# Brief:
Your copy should match the listing word for word, apart from the pictures, which are left out.

# Data below:

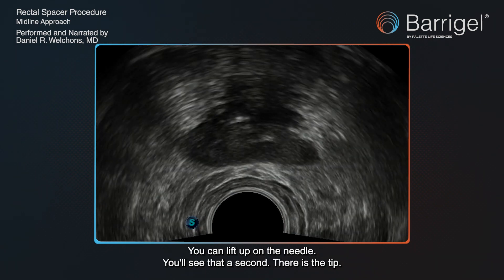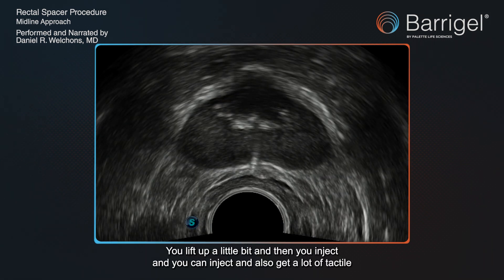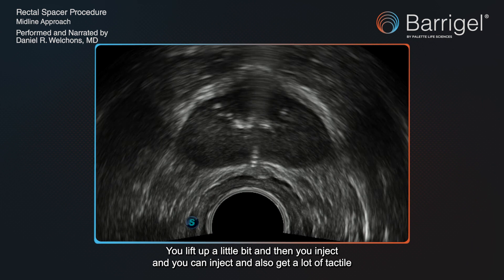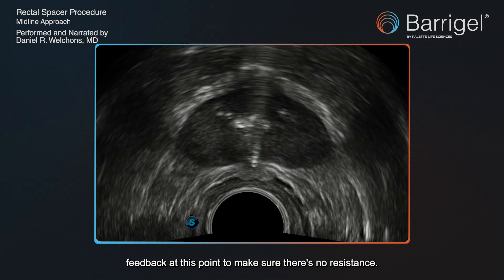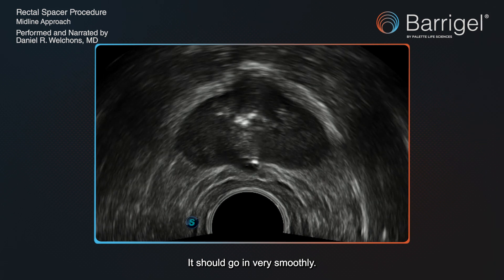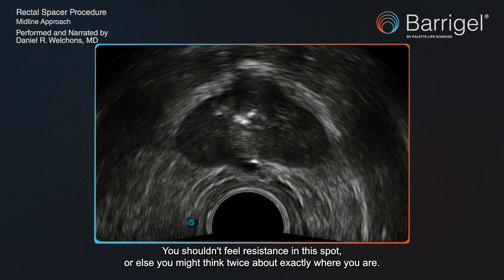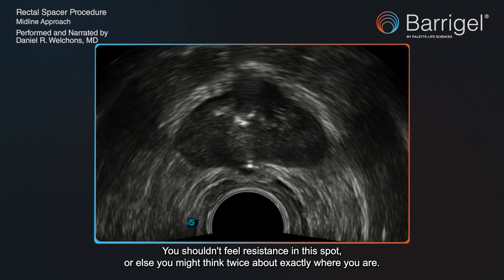You can lift up on the needle — you'll see that in a second. There's the tip. You lift up a little bit, and then you inject. You can inject and also get a lot of tactile feedback at this point to make sure there's no resistance. It should go in very smoothly. You shouldn't feel resistance in this spot, or else you might think twice about exactly where you are.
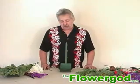Hi, I'm Flower God. A lot of people think Christmas is red and white. I like doing stuff a little bit different.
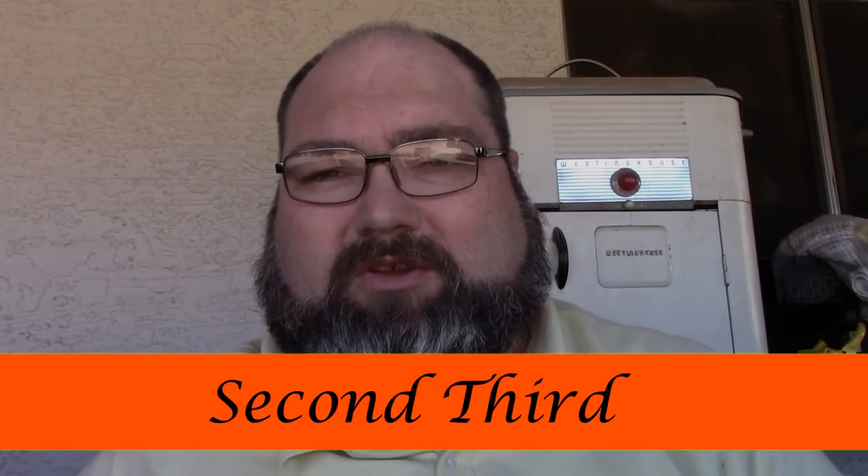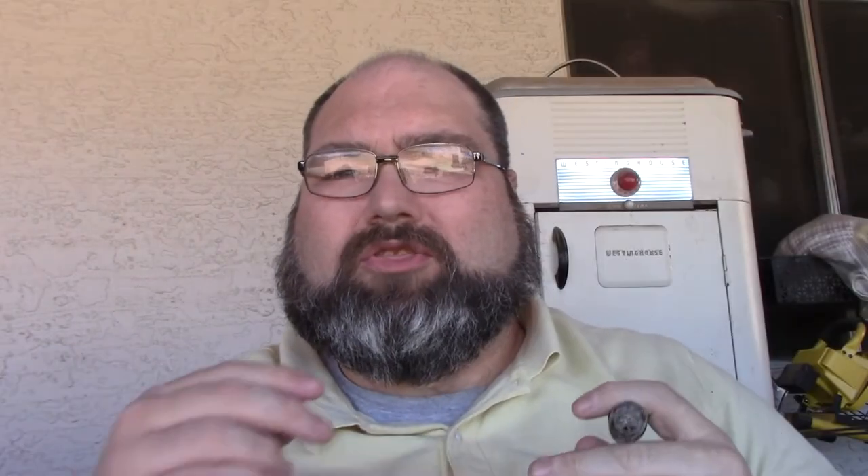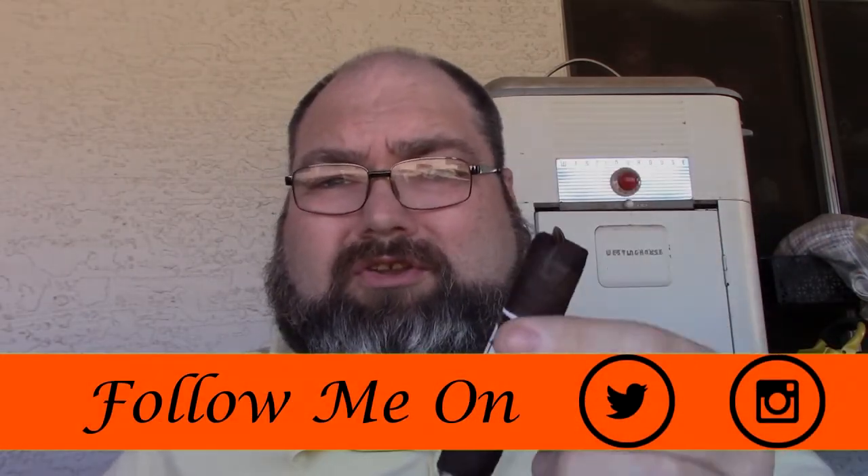Welcome back for the second third of the Romeo San Andreas. I'm noticing a little more black pepper and the earthiness profile is coming through heavier. I'm also starting to pick up a dark chocolate note. Other than that it's not too complex — it's a straightforward, good cigar at this point.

# Written response:
You can lift up on the needle — you'll see that in a second. There's the tip. You lift up a little bit, and then you inject. You can inject and also get a lot of tactile feedback at this point to make sure there's no resistance. It should go in very smoothly. You shouldn't feel resistance in this spot, or else you might think twice about exactly where you are.
Hi, I'm Flower God. A lot of people think Christmas is red and white. I like doing stuff a little bit different.
Welcome back for the second third of the Romeo San Andreas. I'm noticing a little more black pepper and the earthiness profile is coming through heavier. I'm also starting to pick up a dark chocolate note. Other than that it's not too complex — it's a straightforward, good cigar at this point.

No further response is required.